*** Opening of Source information ***

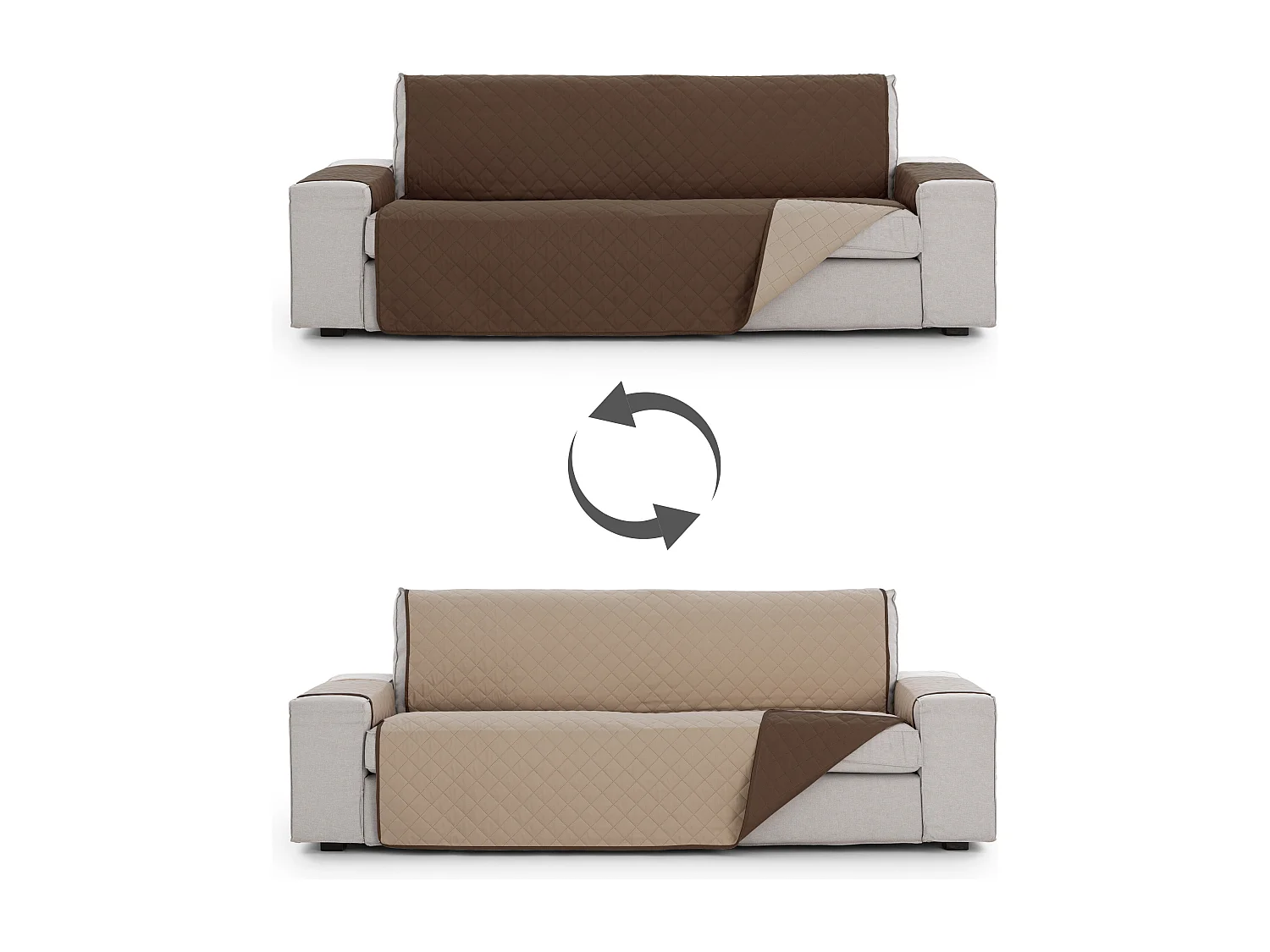 Funda acolchoada reversível Michelle para sofá de 4 lugares cor 07 Castanho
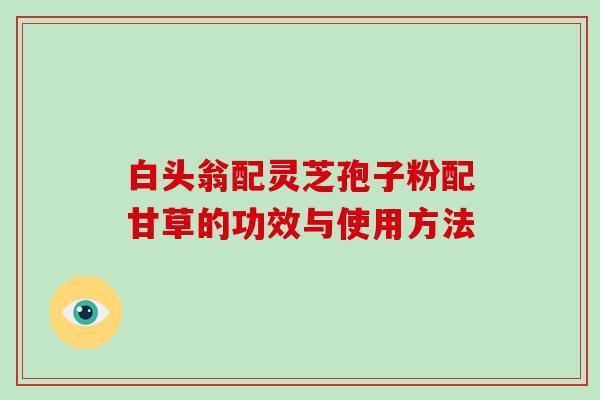 白头翁配灵芝孢子粉配甘草的功效与使用方法-第1张图片-破壁灵芝孢子粉研究指南 白头翁配灵芝孢子粉配甘草的功效与使用方法-第1张图片-破壁灵芝孢子粉研究指南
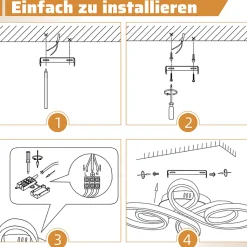 NETTLIFE Plafonnier chambre LED plafonnier salon : 30W lampe de salon noir 40cm 3000K
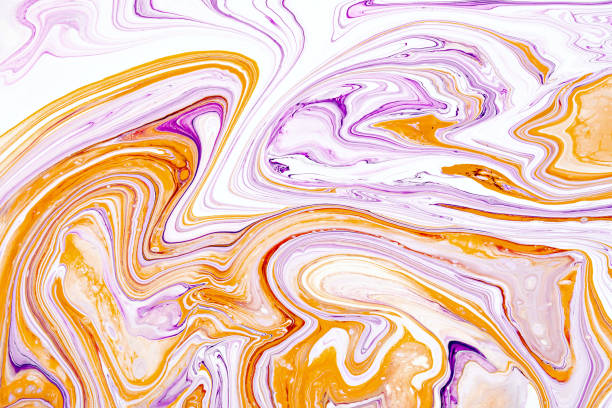 istock Purple and orange vibrant abstract marbled texture. Luxurious granite, natural stone wave pattern. 1158400140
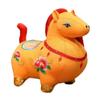 Chinese Style Folk Flower Cloth Horse Plush Toy - Year of The Horse Zodiac Doll for Home Decoration(Yellow,9 inches) view 1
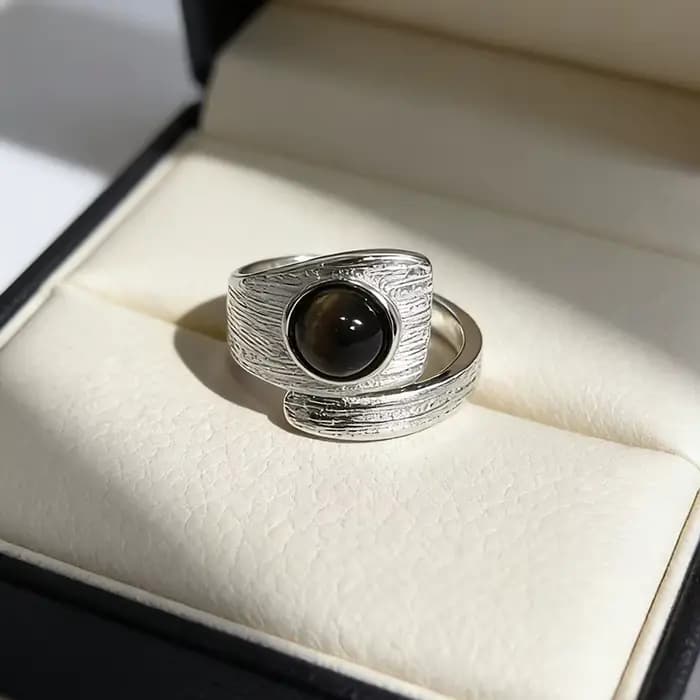 Bagues minimalistes faites à la main pour femmes, grandes pierres simples, bijoux fins, cadeau anti-allergie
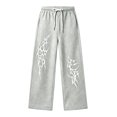 thumbnail image 4 of WERYOUNG Boys Pants Elastic Drawstring Waist Wide Leg Trousers Toddler Kids Loose Fit Back To School Pants 12-13 Years, 4 of 5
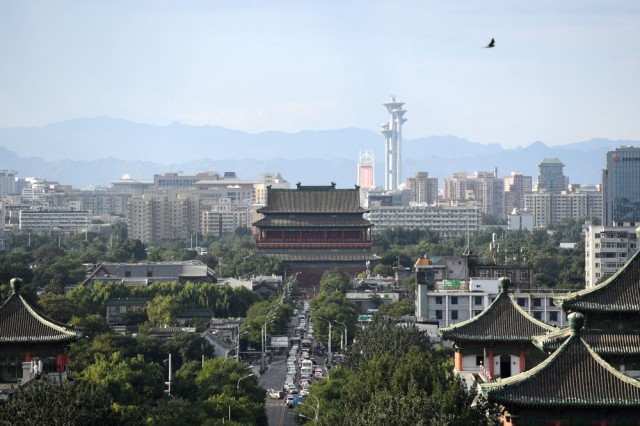 北京中轴线上的鼓楼（2020年9月3日摄）。新华社记者 鞠焕宗 摄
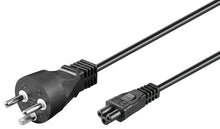 MicroConnect strømkabel DK til C5, 1,8 m, sort, europæisk stik og trebenet C5-stik på lang sort ledning.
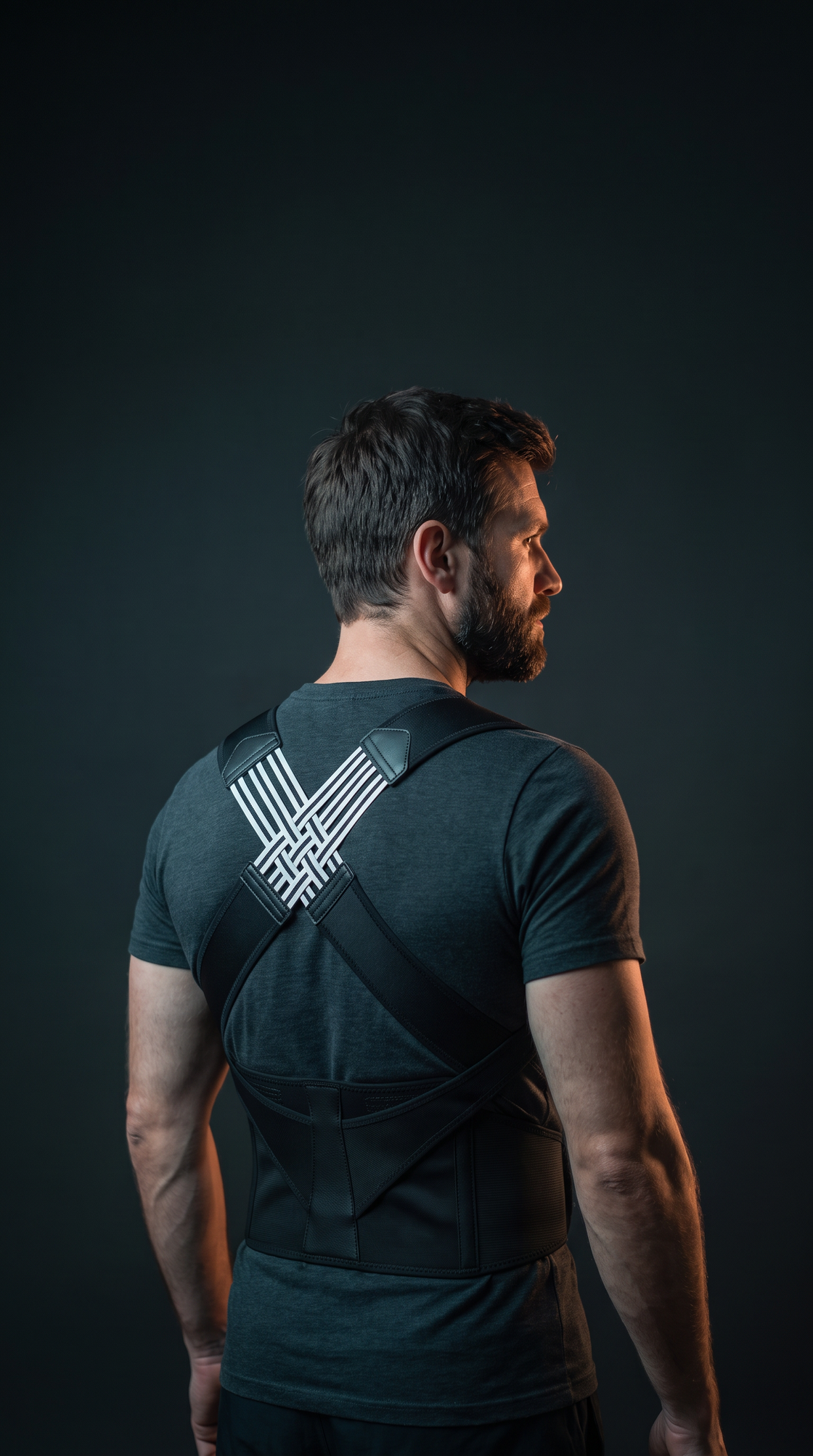 Moranoir posture corrector studio shot — man standing tall wearing the black corrector with white cross-woven straps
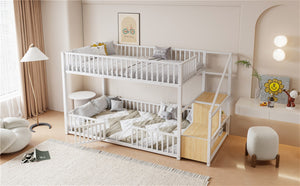 English Elm Twin Steel Bunk Bed with Storage Ladder Safety Rails and Compact Low Profile Frame White N7500000676K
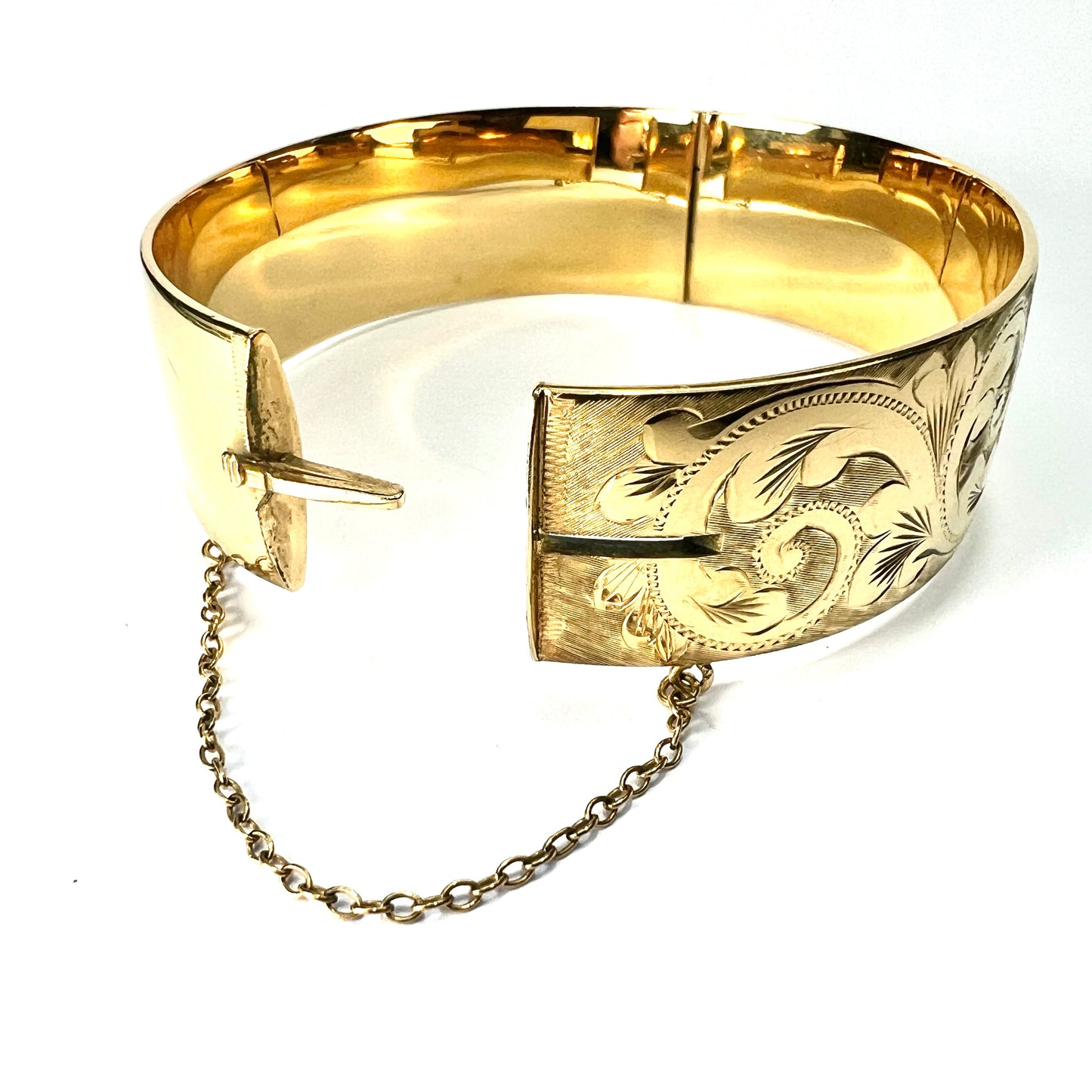 Vintage Georg Jensen 9CT Rolled Gold Hinged Cuff Bangle
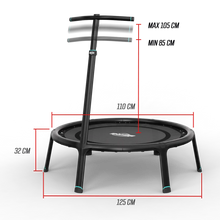 Load image into Gallery viewer, BERG Fitness Rebounder 110 + Stability Bar | Indoor Mini Trampoline with Handlebar
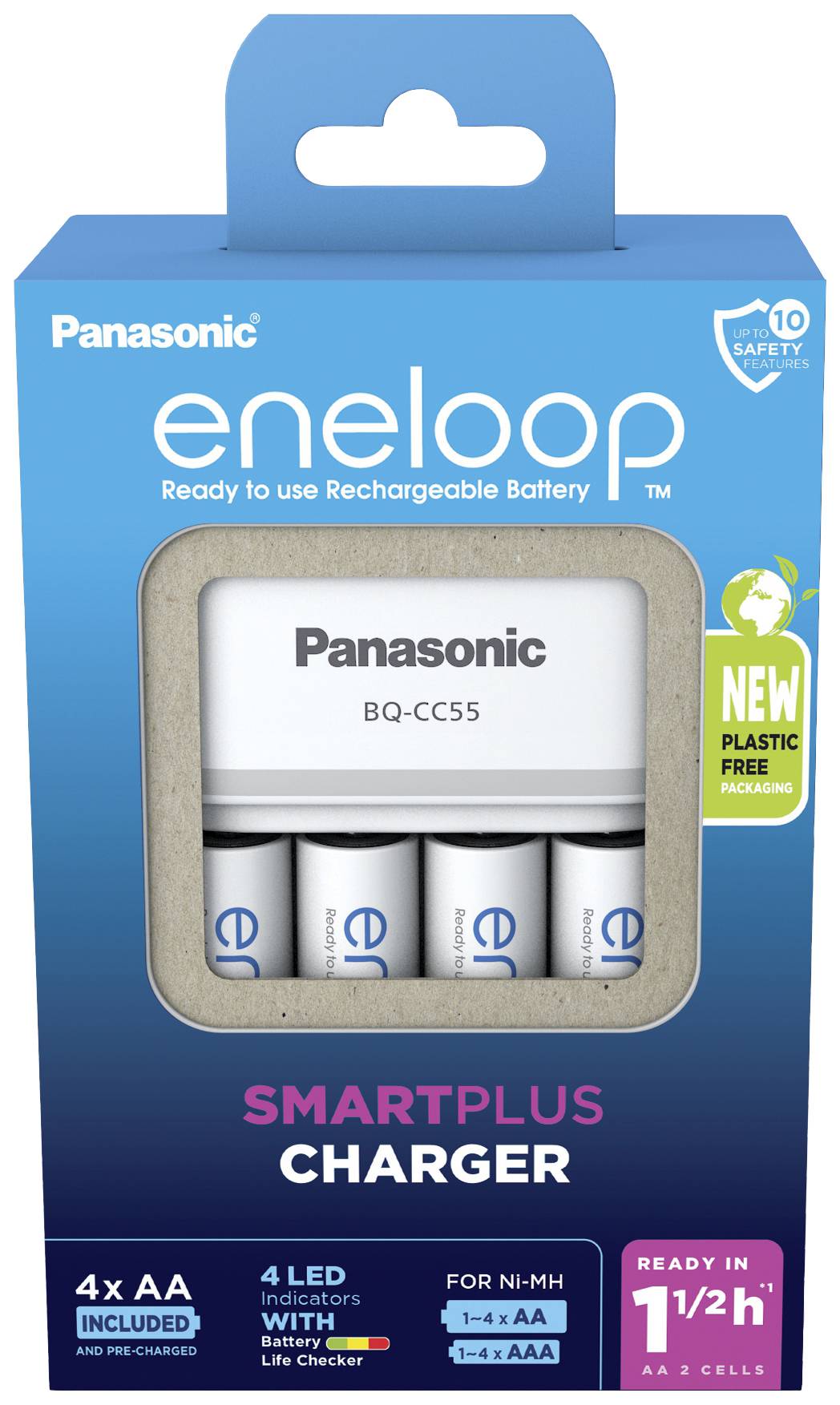 Panasonic eneloop 'SmartPlus Charger' Verpackung mit vier wiederaufladbaren AA-Batterien, grünem Hinweis 'NEU plastikfreie Verpackung'.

*** Close of Source information ***

## [Task goal]
Please repeat every line from the listing above exactly as it appears. Drop the pictures.

## [Exercise output]
 Funda acolchoada reversível Michelle para sofá de 4 lugares cor 07 Castanho
 白头翁配灵芝孢子粉配甘草的功效与使用方法-第1张图片-破壁灵芝孢子粉研究指南 白头翁配灵芝孢子粉配甘草的功效与使用方法-第1张图片-破壁灵芝孢子粉研究指南
 NETTLIFE Plafonnier chambre LED plafonnier salon : 30W lampe de salon noir 40cm 3000K
 istock Purple and orange vibrant abstract marbled texture. Luxurious granite, natural stone wave pattern. 1158400140
 Chinese Style Folk Flower Cloth Horse Plush Toy - Year of The Horse Zodiac Doll for Home Decoration(Yellow,9 inches) view 1
 Bagues minimalistes faites à la main pour femmes, grandes pierres simples, bijoux fins, cadeau anti-allergie
 thumbnail image 4 of WERYOUNG Boys Pants Elastic Drawstring Waist Wide Leg Trousers Toddler Kids Loose Fit Back To School Pants 12-13 Years, 4 of 5
 北京中轴线上的鼓楼（2020年9月3日摄）。新华社记者 鞠焕宗 摄
 MicroConnect strømkabel DK til C5, 1,8 m, sort, europæisk stik og trebenet C5-stik på lang sort ledning.
 Moranoir posture corrector studio shot — man standing tall wearing the black corrector with white cross-woven straps
 English Elm Twin Steel Bunk Bed with Storage Ladder Safety Rails and Compact Low Profile Frame White N7500000676K
 Vintage Georg Jensen 9CT Rolled Gold Hinged Cuff Bangle
 Load image into Gallery viewer, BERG Fitness Rebounder 110 + Stability Bar | Indoor Mini Trampoline with Handlebar
 Panasonic eneloop 'SmartPlus Charger' Verpackung mit vier wiederaufladbaren AA-Batterien, grünem Hinweis 'NEU plastikfreie Verpackung'.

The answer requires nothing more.